Further, if sensory tests are performed on a multicentre level within one country or even across countries there are more issues to be considered. Procedures for application within the framework of a multicentre study have to provide comparable results. All survey teams need to be trained in a central training session previous to the survey to assure standardised test performance and preparation of test solutions in each survey centre. The training should be attended by at least one representative of each participating survey centre. This central training should include lessons on behaviour, used vocabulary, and phrasing of questions, as well as lessons on handling the equipment for preparation of test solutions and setting up the test environment. Detailed standard operating procedures (SOPs) should be provided to each survey centre.

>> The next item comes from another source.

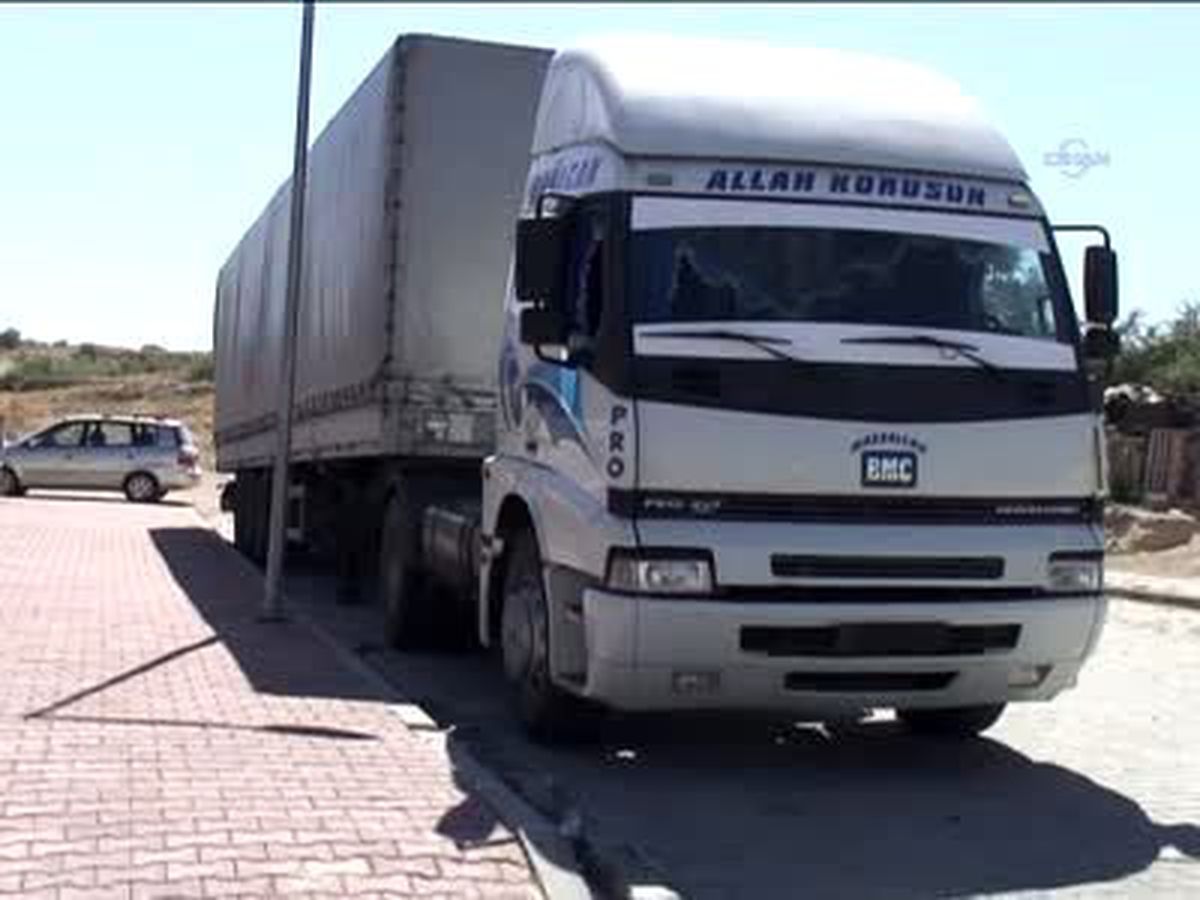 Çalıntı Tır\'la Dorse Çalmaya Çalışırken Yakalandı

Even simple test substances, such as sucrose or sodium chloride, can be standardised through a central supply for all test material: Food samples, test substances and equipment for preparation of test-solutions, as well as equipment such as drinking cups can be purchased centrally and shipped to the survey centres. As an example, to avoid anti-caking and flow-regulating agents which are commonly applied by industry, food samples can be purchased centrally without additives and provided to the survey centres pre-packaged and ‘ready-to-use’ for the preparation of the test solutions.

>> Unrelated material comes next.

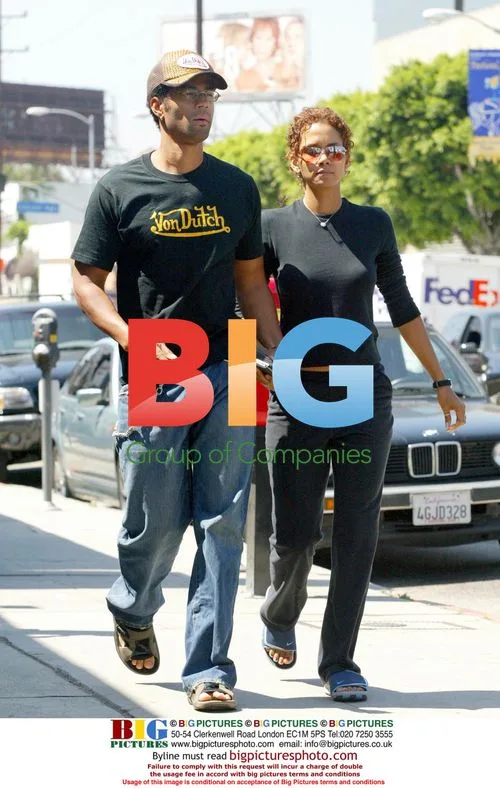 Halle Berry Chased by Waiter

Taking into consideration that tap water quality differs substantially, demineralised water should be used for all test samples and procedures. Accordingly, the selection of appropriate food samples on a multicentre level can also be very challenging. For example, apple juice which is well accepted in most places can be unfamiliar in some other places. Even for common foods the food industry is known to adapt regional food recipes according to the population’s preferences; thus a standardised recipe is needed in all study centres.

 

Doty RL, & Shah M. (2008). Taste and Smell. In Marshall MH & Janette BB (Eds.), Encyclopedia of Infant and Early Childhood Development (pp. 299-308): San Diego: Academic Press.

Guinard JX. (2000). Sensory and consumer testing with children. Trends Food Sci Technol, 11(8), 273-283.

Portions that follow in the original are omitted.